(Short text fragments from websites)
####################
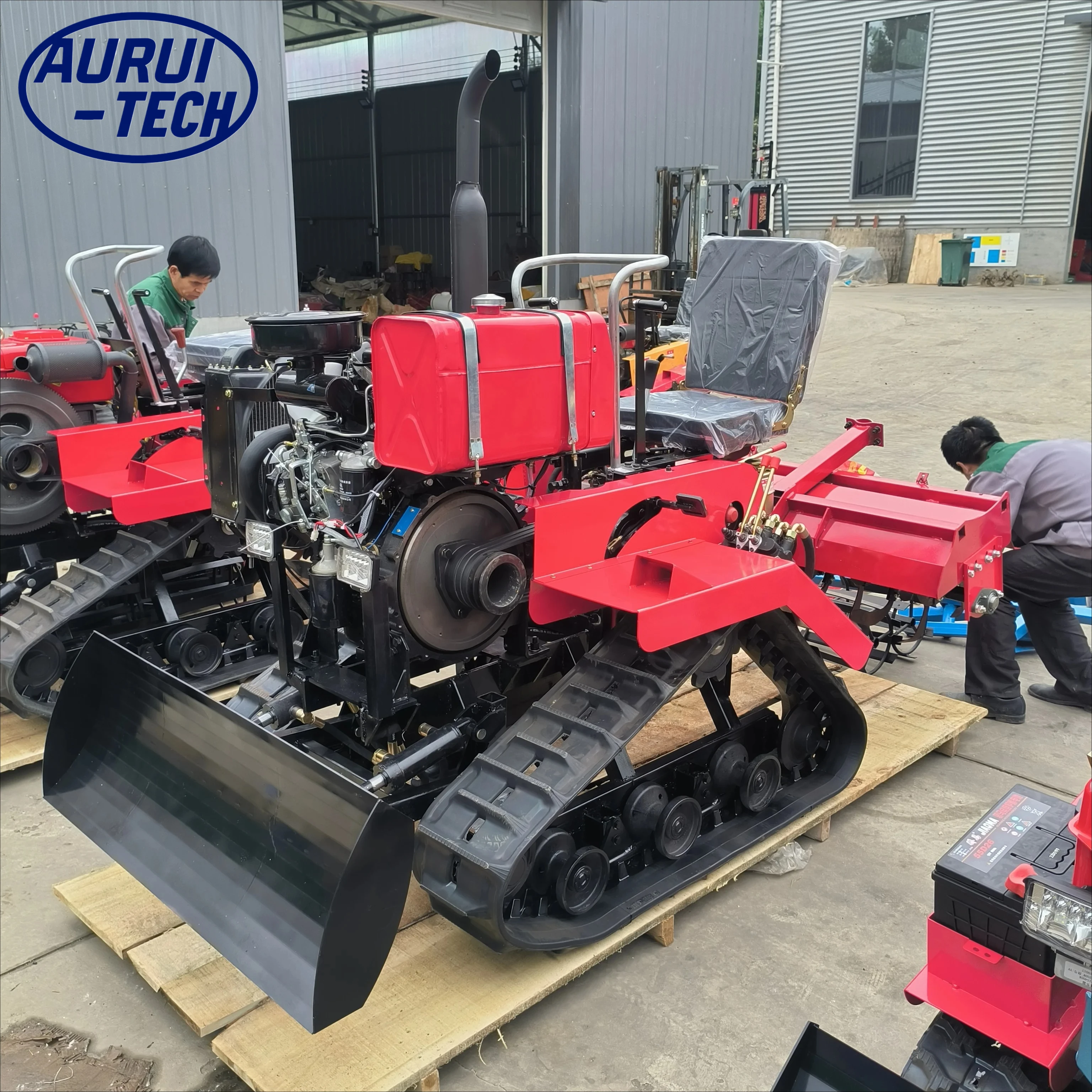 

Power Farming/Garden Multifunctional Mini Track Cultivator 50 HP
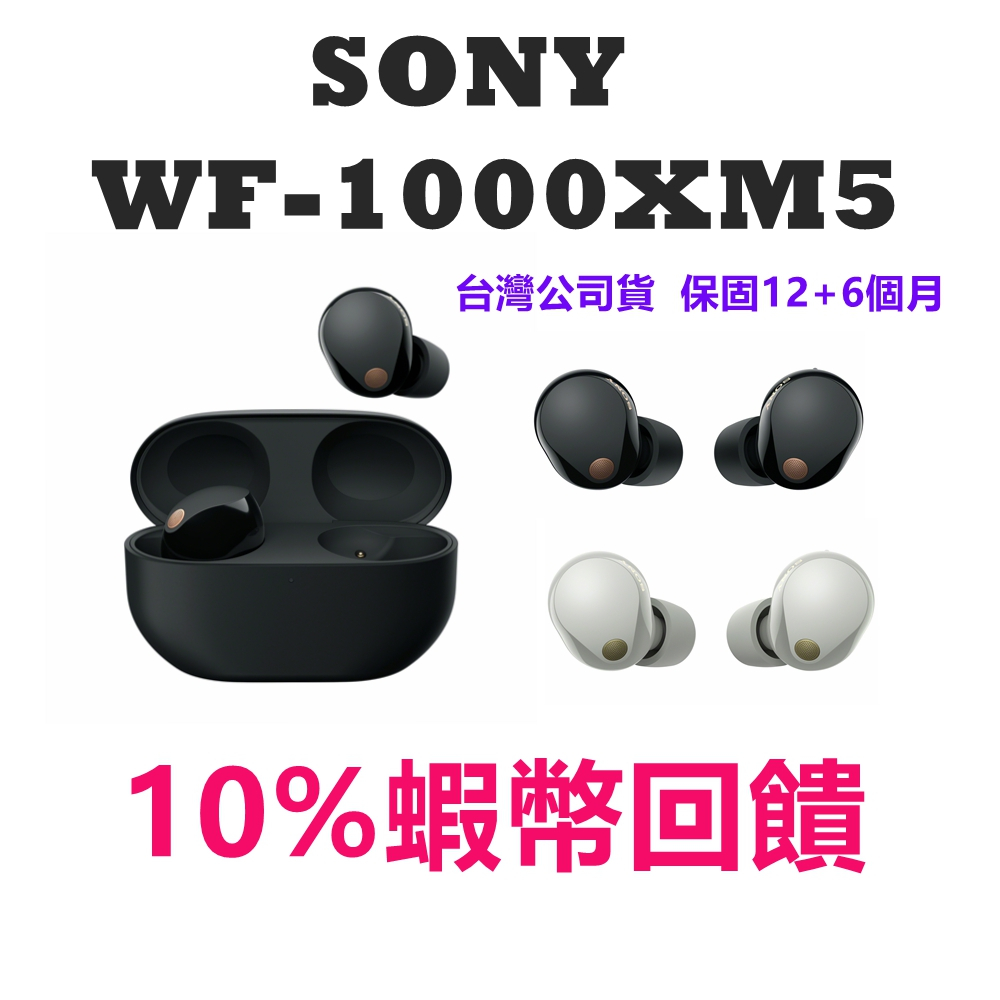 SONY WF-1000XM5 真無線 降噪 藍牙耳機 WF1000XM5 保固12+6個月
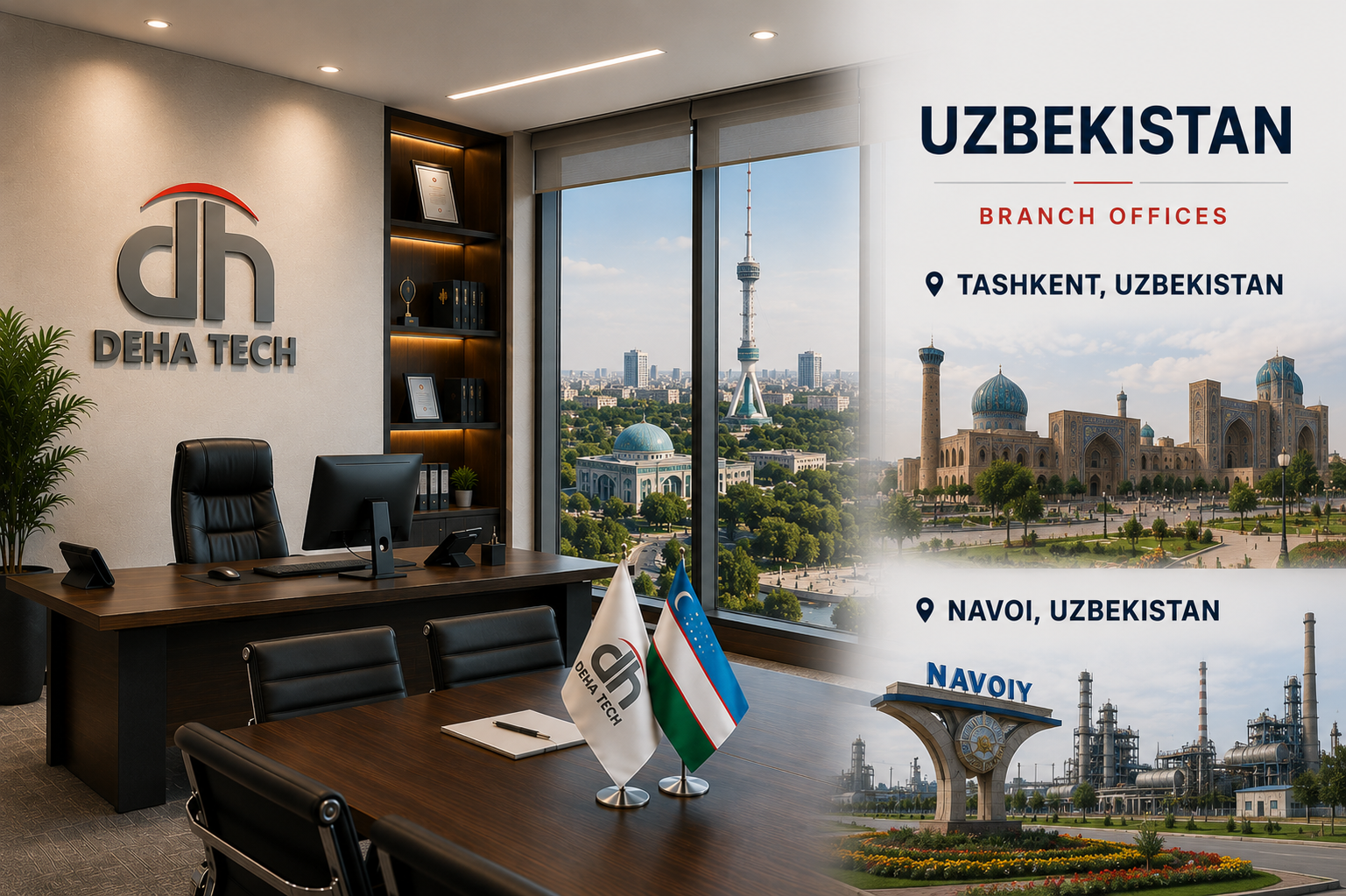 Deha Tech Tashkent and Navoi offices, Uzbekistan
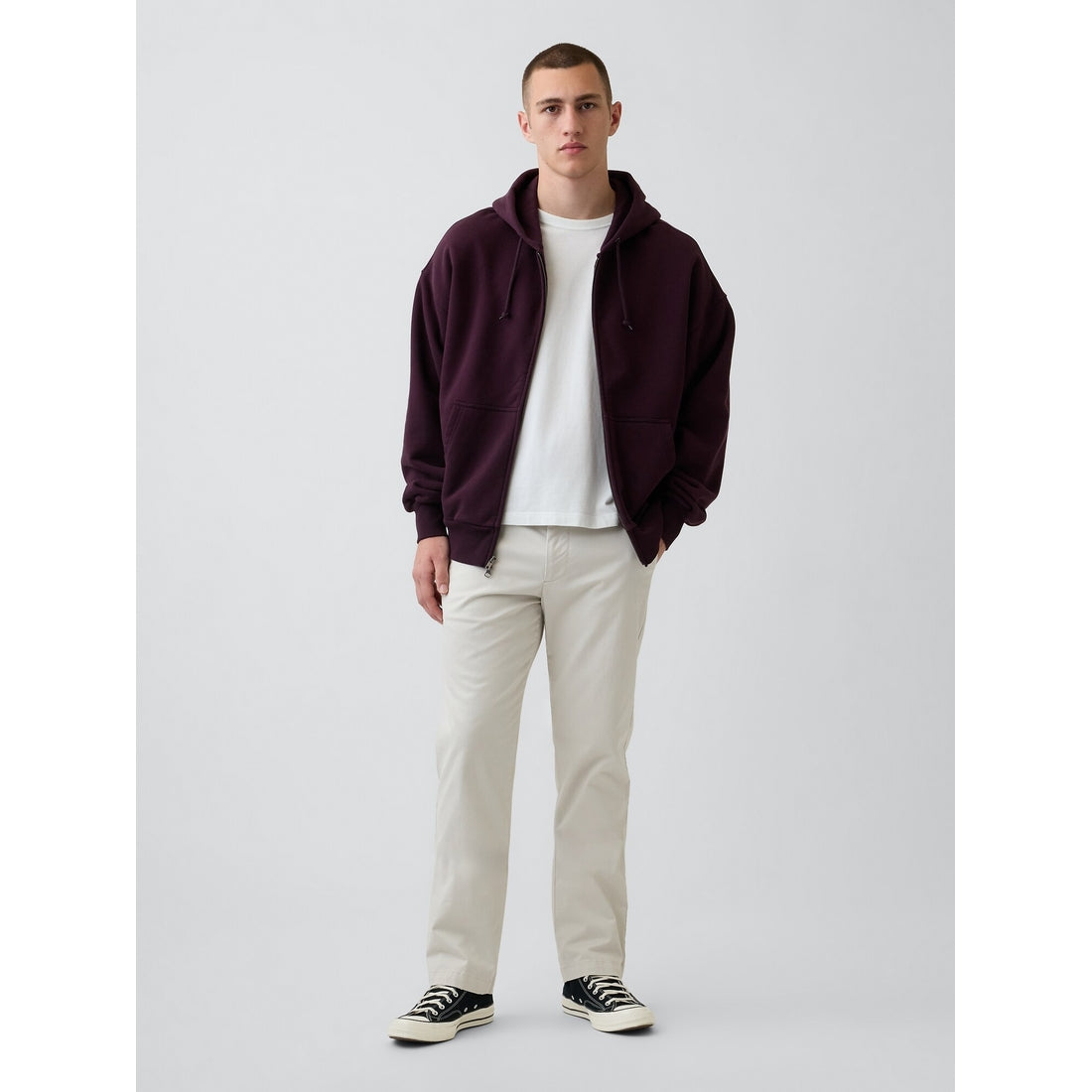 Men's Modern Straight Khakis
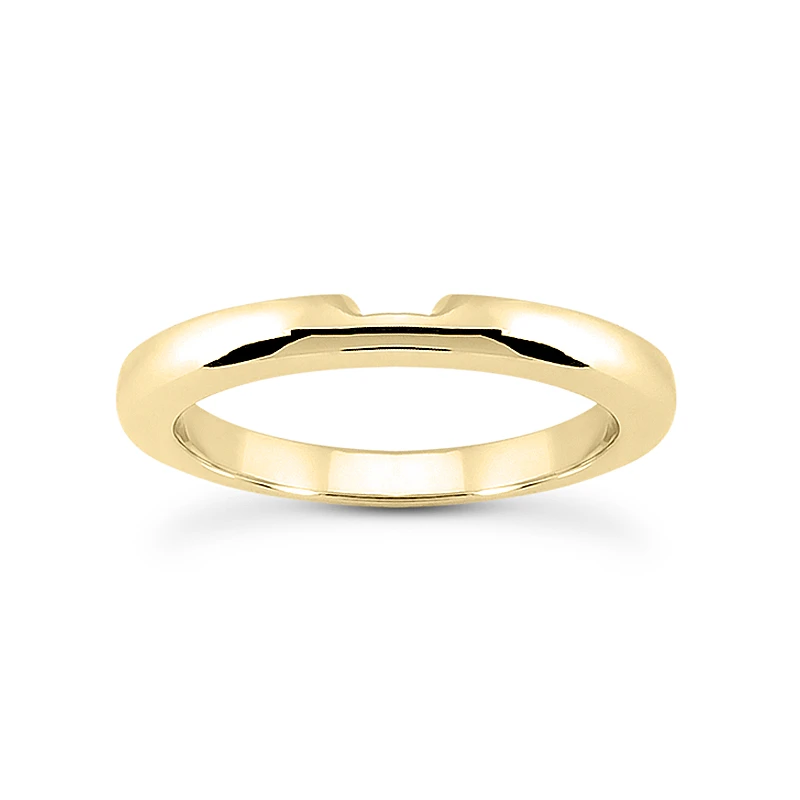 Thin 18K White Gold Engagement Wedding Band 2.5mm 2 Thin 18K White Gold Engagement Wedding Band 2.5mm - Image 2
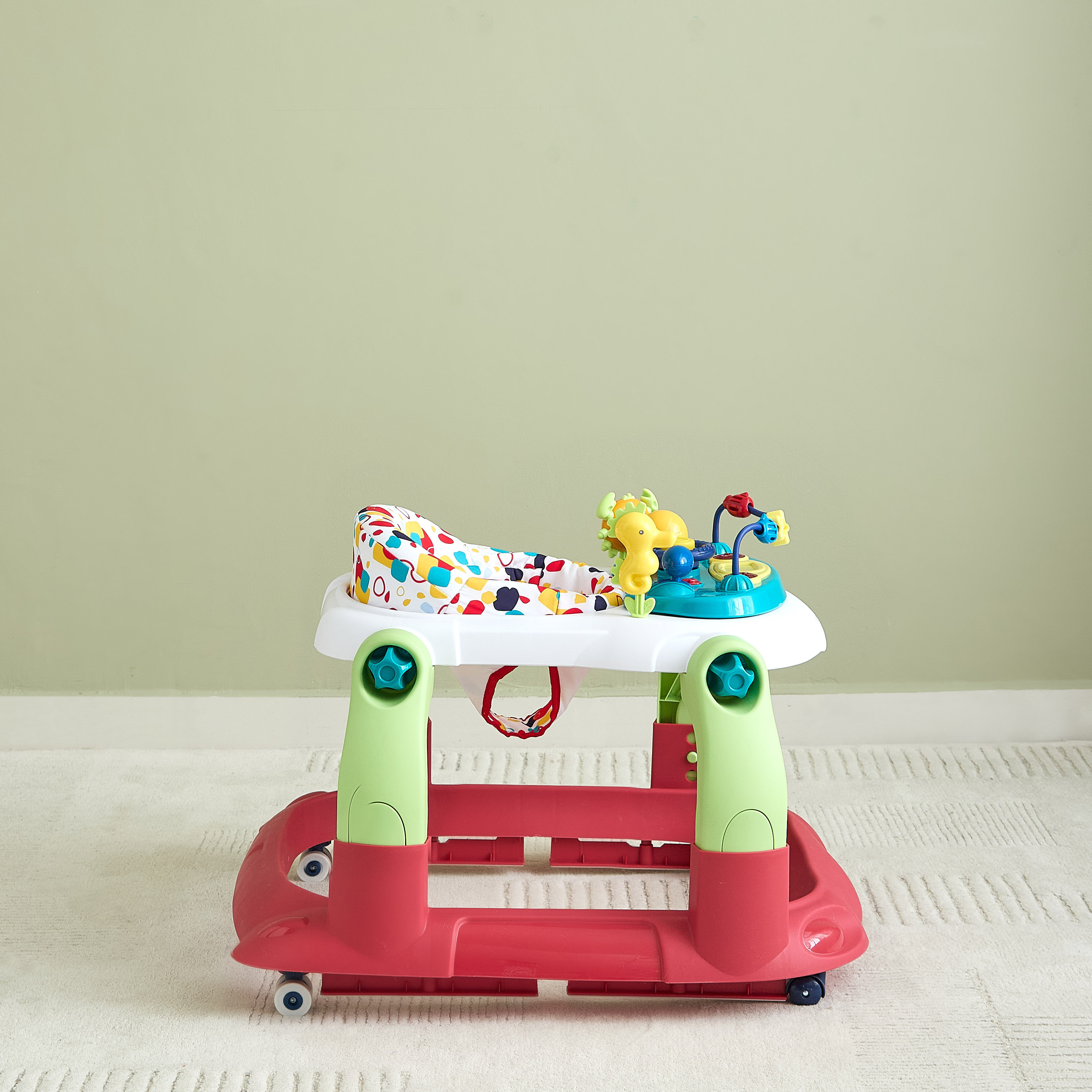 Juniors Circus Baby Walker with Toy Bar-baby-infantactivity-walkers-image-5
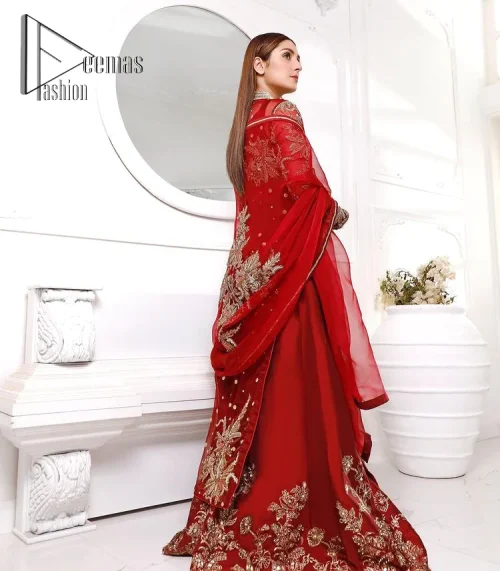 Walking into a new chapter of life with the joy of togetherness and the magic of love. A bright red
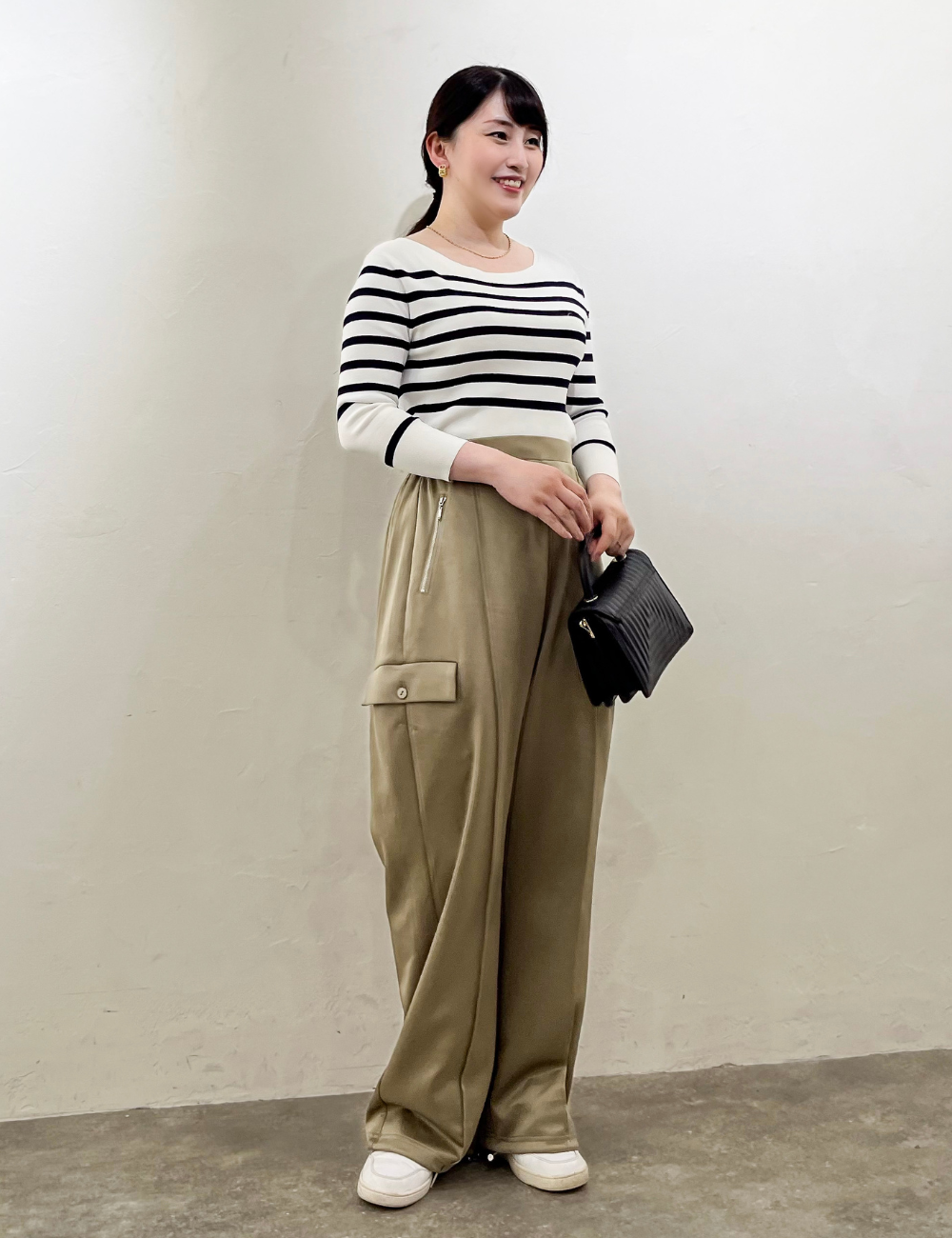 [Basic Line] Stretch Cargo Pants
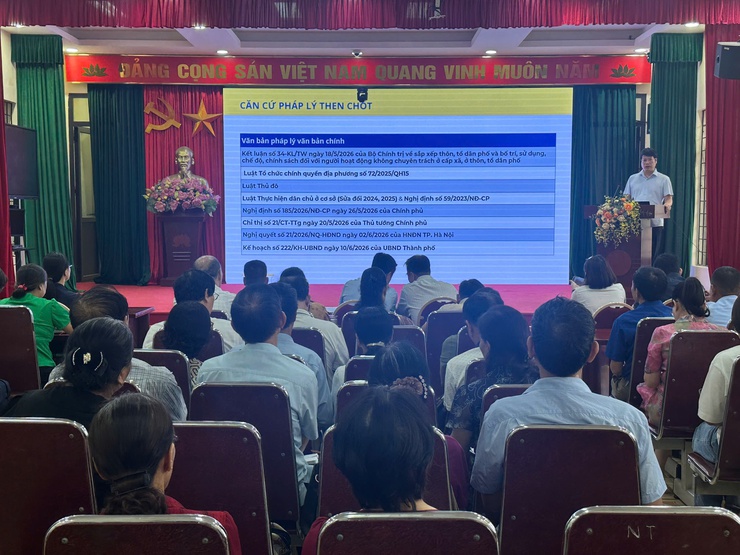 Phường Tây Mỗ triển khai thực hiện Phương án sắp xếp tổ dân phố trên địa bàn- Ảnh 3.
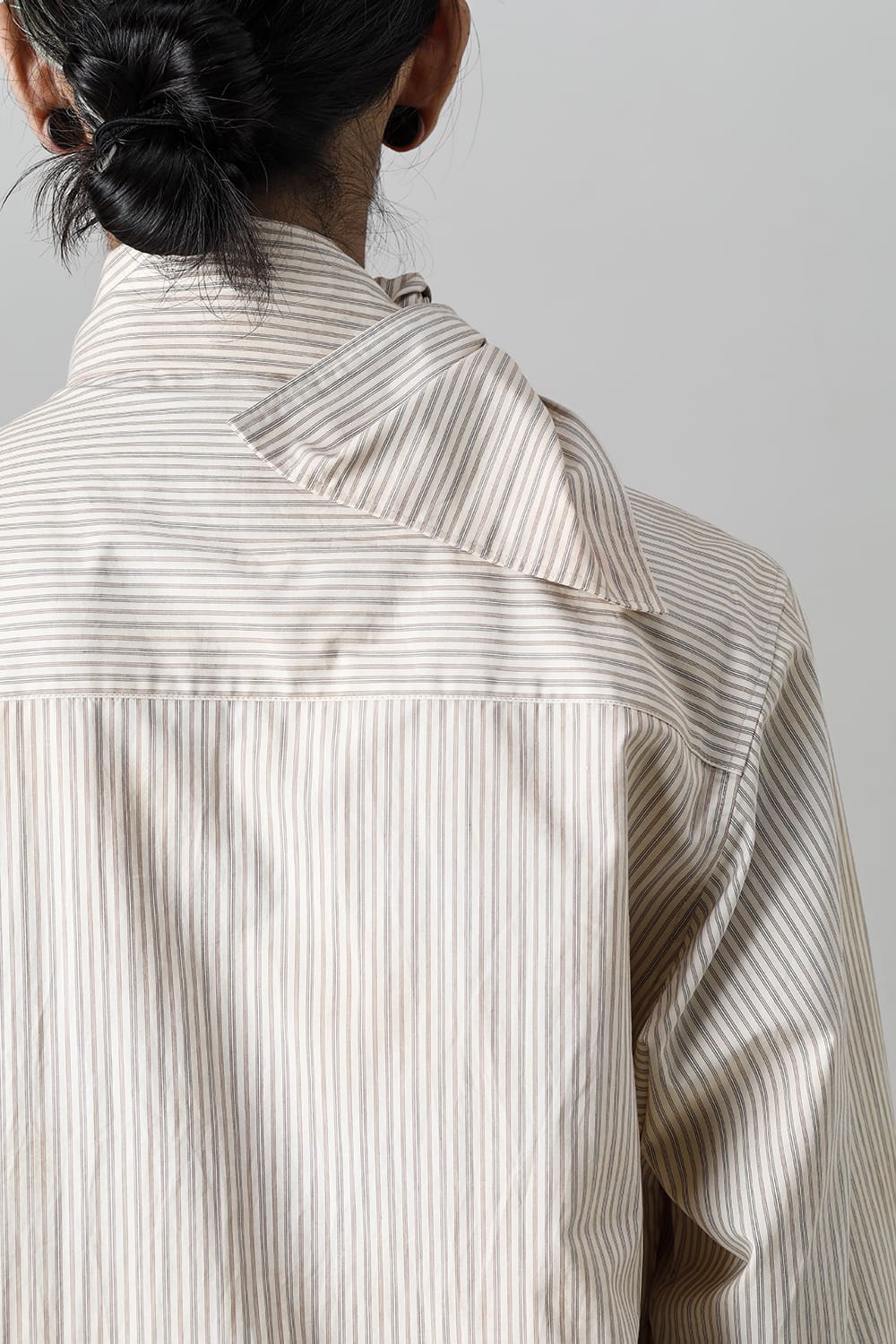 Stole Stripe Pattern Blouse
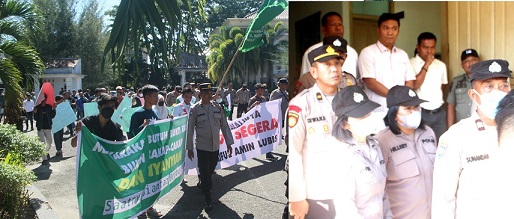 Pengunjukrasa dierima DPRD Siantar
####################
# [To do]
Please copy the data above character for character, skipping any pictures.

# [Result of the exercise]
Power Farming/Garden Multifunctional Mini Track Cultivator 50 HP
 SONY WF-1000XM5 真無線 降噪 藍牙耳機 WF1000XM5 保固12+6個月
 Deha Tech Tashkent and Navoi offices, Uzbekistan
 Men's Modern Straight Khakis
 Thin 18K White Gold Engagement Wedding Band 2.5mm 2 Thin 18K White Gold Engagement Wedding Band 2.5mm - Image 2
 Juniors Circus Baby Walker with Toy Bar-baby-infantactivity-walkers-image-5
 Walking into a new chapter of life with the joy of togetherness and the magic of love. A bright red
 [Basic Line] Stretch Cargo Pants
 Phường Tây Mỗ triển khai thực hiện Phương án sắp xếp tổ dân phố trên địa bàn- Ảnh 3.
 Stole Stripe Pattern Blouse
 Pengunjukrasa dierima DPRD Siantar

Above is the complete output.